• **Given data**:
+--

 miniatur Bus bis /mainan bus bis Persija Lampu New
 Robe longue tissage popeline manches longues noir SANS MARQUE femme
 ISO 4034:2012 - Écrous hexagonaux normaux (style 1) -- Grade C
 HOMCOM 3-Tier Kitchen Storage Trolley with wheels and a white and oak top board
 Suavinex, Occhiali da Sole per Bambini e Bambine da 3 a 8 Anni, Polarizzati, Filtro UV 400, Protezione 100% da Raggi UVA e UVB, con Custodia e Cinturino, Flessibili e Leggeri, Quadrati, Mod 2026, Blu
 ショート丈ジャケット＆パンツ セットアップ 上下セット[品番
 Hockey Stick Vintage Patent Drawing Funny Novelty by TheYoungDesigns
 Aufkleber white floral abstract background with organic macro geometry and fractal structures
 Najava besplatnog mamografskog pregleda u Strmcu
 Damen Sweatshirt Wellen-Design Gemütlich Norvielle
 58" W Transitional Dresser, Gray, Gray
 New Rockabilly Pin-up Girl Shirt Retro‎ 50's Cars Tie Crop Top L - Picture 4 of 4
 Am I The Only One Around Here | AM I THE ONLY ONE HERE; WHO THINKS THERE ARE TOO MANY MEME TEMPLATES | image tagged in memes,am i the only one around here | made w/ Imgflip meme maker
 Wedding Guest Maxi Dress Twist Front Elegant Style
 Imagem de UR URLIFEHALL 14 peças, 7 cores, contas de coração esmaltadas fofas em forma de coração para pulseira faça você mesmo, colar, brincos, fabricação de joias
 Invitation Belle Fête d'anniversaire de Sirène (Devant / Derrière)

+--

• **Action item**:
Gather, from the listing above, every line carrying the word "with".

• **Finished exercise**:
 HOMCOM 3-Tier Kitchen Storage Trolley with wheels and a white and oak top board
 Aufkleber white floral abstract background with organic macro geometry and fractal structures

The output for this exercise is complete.